What this task involves: Every line below from the one with "Shark Bite - Toy Chest Pakistan" through the one with "Поворотный шарнир из" should be retyped exactly, both ends included; no other lines and no pictures.

Source material:
- - -

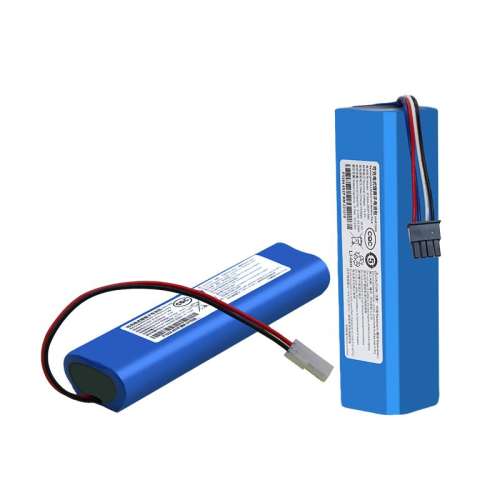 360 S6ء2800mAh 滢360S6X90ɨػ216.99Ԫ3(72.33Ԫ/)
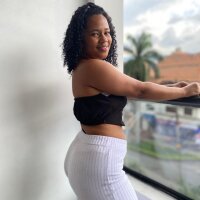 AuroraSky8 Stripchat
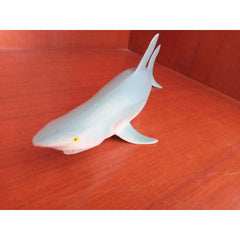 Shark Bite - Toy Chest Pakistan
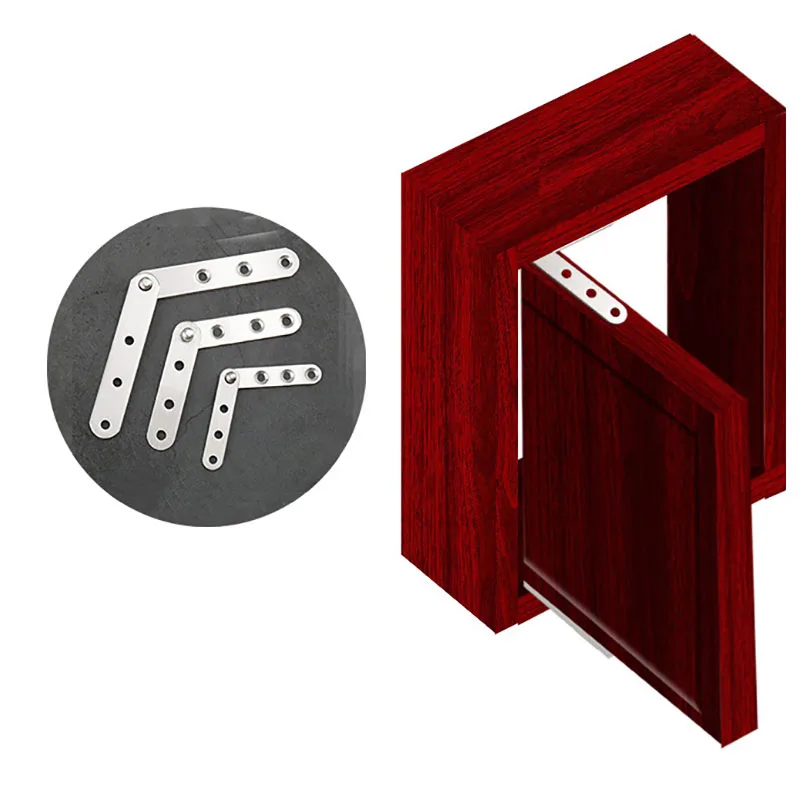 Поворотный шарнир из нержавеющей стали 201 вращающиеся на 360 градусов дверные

- - -

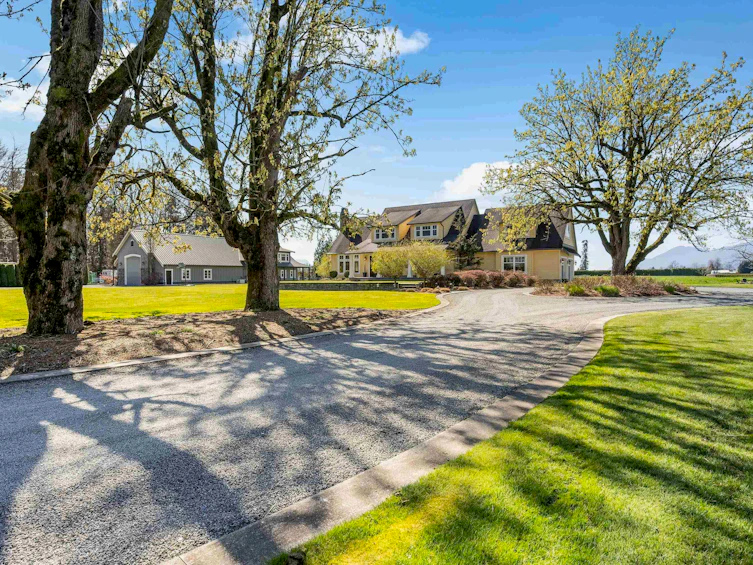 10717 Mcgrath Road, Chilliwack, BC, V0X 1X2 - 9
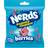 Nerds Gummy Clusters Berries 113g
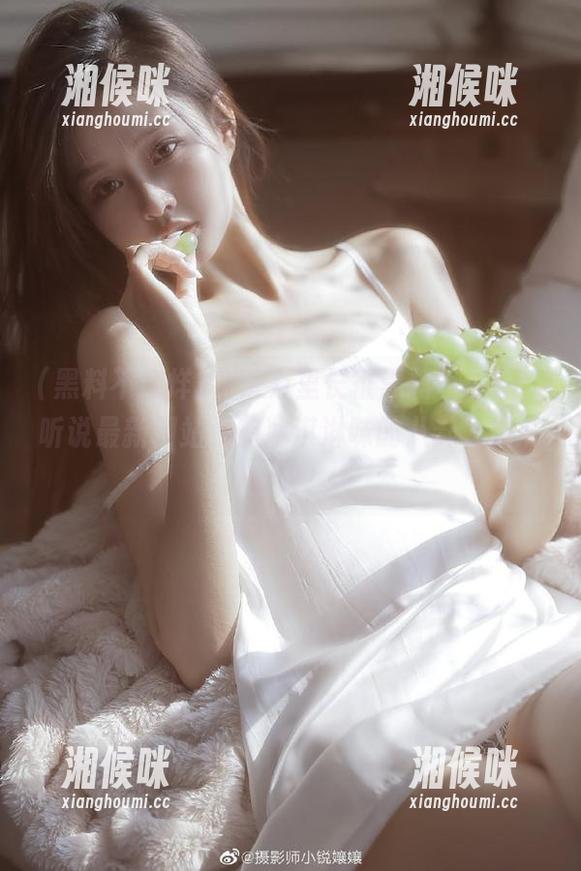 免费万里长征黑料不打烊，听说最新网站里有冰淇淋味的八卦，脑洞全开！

- - -

Result of the exercise:
 Shark Bite - Toy Chest Pakistan
 Поворотный шарнир из нержавеющей стали 201 вращающиеся на 360 градусов дверные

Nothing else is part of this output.